By Carolyn Scott

Can Robots Help us Rediscover What it Means to Be Human?

Self-driving trucks, automated checkouts, delivery drones, entire factories run by a workforce of robots. This is the new industrial revolution, and aside from sounding like the start of a sci-fi thriller, the threat of automated workplaces is a genuine concern to many across the globe. As new technologies revolutionise many industries, job security comes under fire.

However, isn’t the fact that automated systems are now able to take on many of the low paid, manual labour jobs that not many people would ever consider to be fulfilling or rewarding careers something to be celebrated?

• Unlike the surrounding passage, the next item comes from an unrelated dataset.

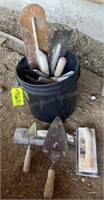 Bucket of Concrete Tools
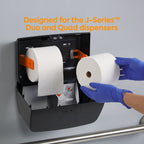 Coastwide Professional CWJBT-1500 J-Series bath tissue package and roll view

“Absolutely, it’s absolutely amazing, and too often it’s framed like it’s something to be afraid of,” says Dr Ben Simmons, Director of the Citizen’s Basic Income Network Scotland (CBINS). “Automation is just a tool like any other: if we had a hundred people digging with their hands to make a ditch, then someone said “I’ve got a spade,” no one would say: “Oh no, get rid of the spade, we need these jobs.””

Head shot of Ben Simmons
Dr Ben Simmons

To Ben, the rise of automation is about making sure that those who were previously employed in emotionally unfulfilling jobs can instead do something useful and rewarding. One major change that could allow for that to happen is the introduction of a Citizen’s Basic Income (CBI).

The idea of a basic income for all, often called a Universal Basic Income, is a centuries-old idea, referenced in Thomas More’s 16th Century book Utopia, and forming a central theme in Thomas Paine’s 19th Century work The Rights of Man. It’s based on the simple idea that every citizen is paid a basic income, completely unconditionally. It is not taken away as their situation changes, it is applied to every person from birth. Yet despite being advocated by prominent thinkers for centuries the idea just hasn’t quite taken off... yet.

The Scottish Government recently announced a series of trials of a basic income system in four Local Authorities. Alongside numerous international trials, Basic Income seems to be gaining traction within political establishments. But why now? Could it be that the threat of automated workforces is reaching those unused to worrying about being reliant on state support?

Now, it's the people who previously thought they would never need to rely on Social Security recognising that they are now the ones in the crosshairs.

Dr Simmons relates the new interest in Basic Income in establishment politics to a “second wave” of job losses through another restructuring of society akin to the impact the 20th Century industrial revolution had on the working classes, and, looking further back, the destruction of the agrarian society in the North of Scotland through the Highland Clearances.

“I think for most of the deprived communities that would benefit the most from basic income, this isn't news. We've seen manufacturing get stripped away and if you go on a drive around the North Coast 500 in Scotland [a 516-mile scenic route around the north coast of Scotland] you could easily just write a book called “This is Where the Heron Used to be”, because you've seen the jobs that whole communities depended on all of a sudden get stripped away. This is just a white-collar version of that - so it's completely understandable.

“We've seen the impact of not having a basic income, and the fact you've got multi-generational unemployment. It's not a “what if?”, it's not a speculative "what could happen?" - it's the second wave, or a repeat, of something that was devastating. Now, it's the people who previously thought they would never need to rely on Social Security recognising that they are now the ones in the crosshairs, and having seen what happens to people who aren't supported adequately - I think that brings a lot of the motivation out of it.

“It's philanthropy with self-interest I think, a kind of crucial intersection, which I think is probably where policy gets made.”

It's on the status quo to defend itself, that's why basic income works.

The biggest challenge to those who support drastic changes to any economic model is that their idea is a change to the status quo. Society has conditioned us to favour the status quo and to fear change. Yet, given how much the status quo is changing, through the coming of the Information Age and this new industrial revolution, now could be the time for a mass reorganising of our Social Security and welfare systems - in fact, that might be absolutely vital. And, to Ben, it’s no longer organisations like his, CBINS, that need to justify the benefit of changes such as the introduction of a basic income - it’s on those in favour of the status quo to justify not adopting new models.

“The advantage of basic income is that it's not a complicated idea - if it was a complicated economic position and you had to be really brainy and educated to understand how it could possibly work then, yeah, it would be on us to try and justify the complexity of it. But, because it's so simple it's on the status quo to defend itself and that's where it falls down.

“No one is coming to us saying "if we had a basic income we would want to replace it with a thousand different measurements at all times of everyone's lives, it would be much better" - you'd laugh them out of the room. It's on the status quo to defend itself, that's why basic income works. It's so simple that you can't pretend it's something other than which it is, which is just an elegant solution.”

Despite being a fairly simple idea, the implementation of basic income brings a multitude of complexities around its delivery and the taxation required to support it. However, it offers the very real possibility of releasing workers from the drudgery of mundane, repetitive, and unfulfilling work. They could be free to do what humans do best: care for each other, be creative, work cooperatively. The robots might, indeed, allow us to rediscover what it means to be human.